Die Regierung betont, dass es sich hierbei nicht um eine Subventionierung von Fluggesellschaften handle, sondern um eine Investition in die Konnektivität Montenegros, um das Land wettbewerbsfähiger und zugänglicher zu machen und sich an die EU-Praktiken anzupassen. Das Verkehrsministerium hat bereits Brüssel als eine der in Frage kommenden PSO-Strecken genannt. Hauptziel ist die Verbesserung der Fluganbindung, insbesondere außerhalb der Hauptsaison, um den Tourismus zu stärken, der einen erheblichen Anteil am montenegrinischen Bruttoinlandsprodukt ausmacht.

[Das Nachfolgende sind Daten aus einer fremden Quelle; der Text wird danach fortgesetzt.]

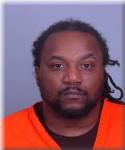 Mugshot of Malcom Parker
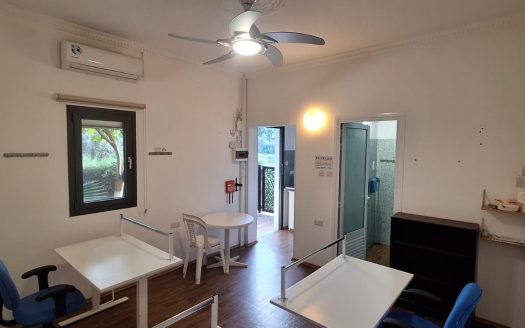 Paphos Property Office Spaces and Shops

Der Geschäftsführer der Flughäfen Montenegros, Roko Tolić, befürwortet die Initiative. Er wies jedoch darauf hin, dass die Auswahl der Strecken, die tatsächlich von öffentlichem Interesse sind und bei denen der Markt keine ganzjährige Bedienung rechtfertigt, eine Herausforderung darstellt. Die ausgewählten Strecken müssten der Europäischen Kommission zur Genehmigung vorgelegt werden. Tolić merkte an, dass die nationale Fluggesellschaft Air Montenegro von diesem Modell am meisten profitieren dürfte, da sie als einzige im Land ansässige Fluggesellschaft bei Ausschreibungen für subventionierte Strecken in einer guten Ausgangsposition sei.